Earlier this week, Sarah Palin demonstrated why certain stars should never dabble in politics
when she said the Republican Party platform is “best for America” because “[i]t’s all about respecting equality.” Nevermind the document calls for etching discrimination into the Constitution with an amendment banning same-sex marriage. Well, yesterday, Palin was at it again.
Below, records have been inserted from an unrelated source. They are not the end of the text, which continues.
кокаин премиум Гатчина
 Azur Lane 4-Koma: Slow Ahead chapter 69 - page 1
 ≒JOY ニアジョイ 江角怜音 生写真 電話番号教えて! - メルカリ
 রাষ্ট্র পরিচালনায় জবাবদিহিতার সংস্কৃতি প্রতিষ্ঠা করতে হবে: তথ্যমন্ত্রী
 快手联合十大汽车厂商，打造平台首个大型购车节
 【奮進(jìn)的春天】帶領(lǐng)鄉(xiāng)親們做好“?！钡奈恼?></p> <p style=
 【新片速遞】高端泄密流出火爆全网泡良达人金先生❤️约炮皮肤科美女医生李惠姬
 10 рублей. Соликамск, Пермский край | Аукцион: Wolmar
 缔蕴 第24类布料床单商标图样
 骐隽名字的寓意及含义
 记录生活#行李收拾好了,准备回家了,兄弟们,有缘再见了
This time sputtering nonsense about Treasury Secretary Timothy Geithner’s warnings about the danger of not raising the national debt limit.
Palin took time out from stomping all over Mitt Romney’s announcement in New Hampshire that he is running for president to cast aspersions on Geithner while she was at a clambake in New Hampshire.
If the debt ceiling were to be increased based on what I believe to be Timothy Geithner’s false statements to the American public — that a catastrophe would befall us all if the debt ceiling isn’t raised — a failure of leadership in the House would be if we were to cave and believe that.
And what did Palin mean by “false statements”? The half-term governor of Alaska and 2008 Republican vice presidential nominee explained that Geithner has “given us now four different due dates where catastrophe would befall us if the debt ceiling is not raised. . . .
Well, once bitten, twice shy.
How many more times are we going to have to hear this date change?”
If I had hair long enough I’d be tearing at it right now.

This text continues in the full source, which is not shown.